The full set of entries is to be printed exactly, with pictures excluded.

[Stored items]
================================

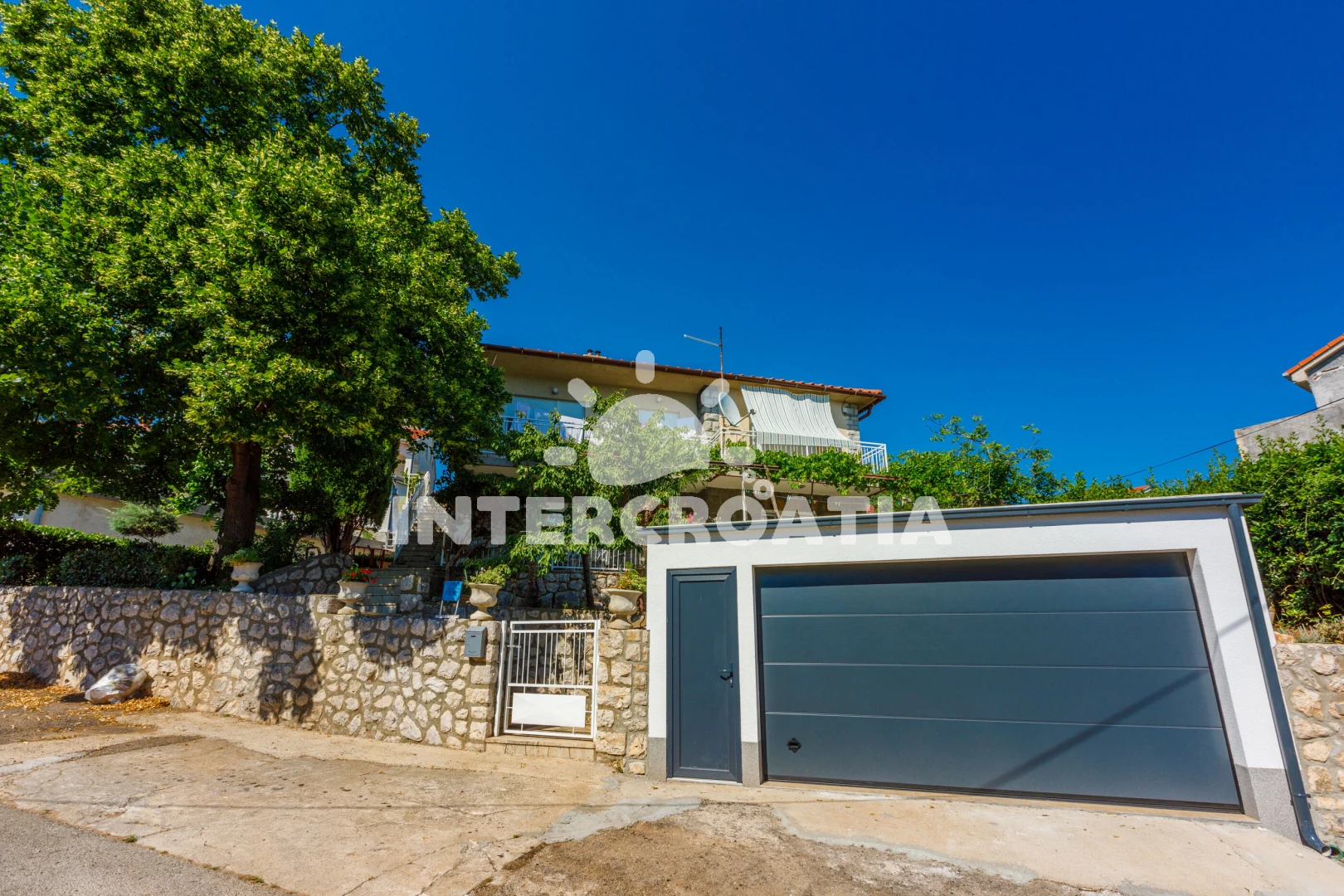 Apartmán Kvarner - Novi Vinodolski KV 7191 N1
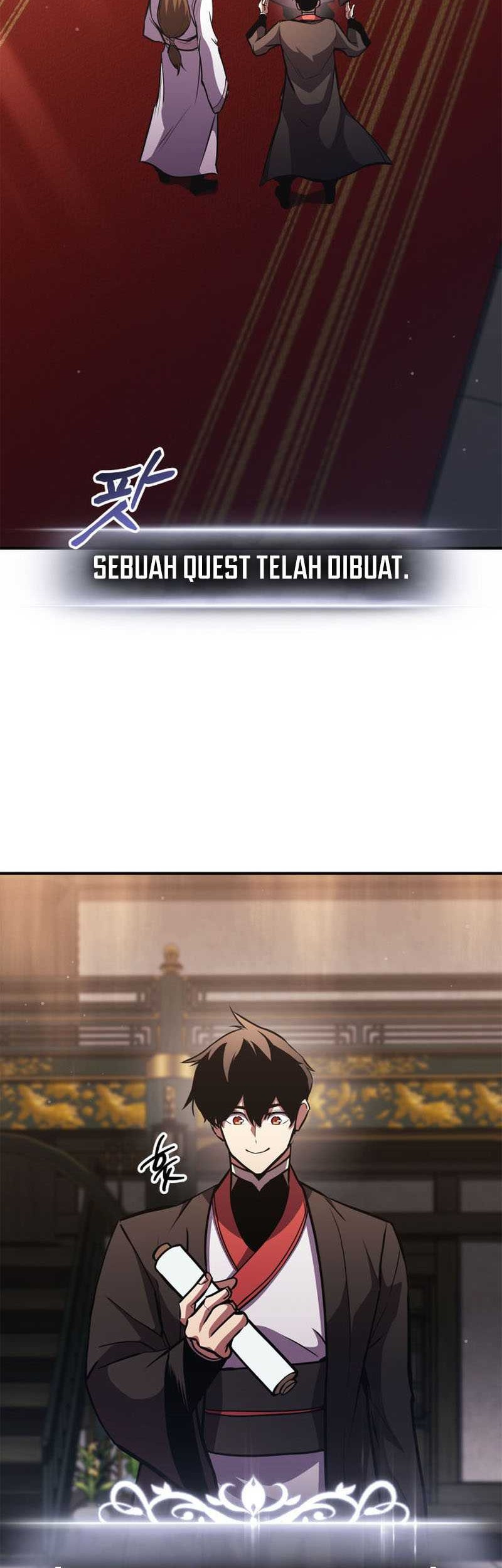 Ranker’s Return (Remake) Chapter 152 Gambar 58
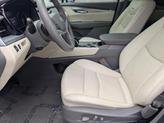 Thumbnail of 2021 Crystal White Tricoat Cadillac XT5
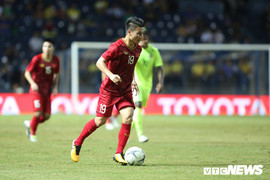 Chuyên gia quốc tế: 'Quang Hải, Công Phượng toả sáng, tuyển Việt Nam sẽ thắng 2-1'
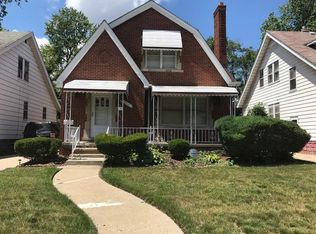 13365 Whitcomb St, Detroit, MI 48227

================================

■ **Exercise response**
 Apartmán Kvarner - Novi Vinodolski KV 7191 N1
 Ranker’s Return (Remake) Chapter 152 Gambar 58
 Thumbnail of 2021 Crystal White Tricoat Cadillac XT5
 Chuyên gia quốc tế: 'Quang Hải, Công Phượng toả sáng, tuyển Việt Nam sẽ thắng 2-1'
 13365 Whitcomb St, Detroit, MI 48227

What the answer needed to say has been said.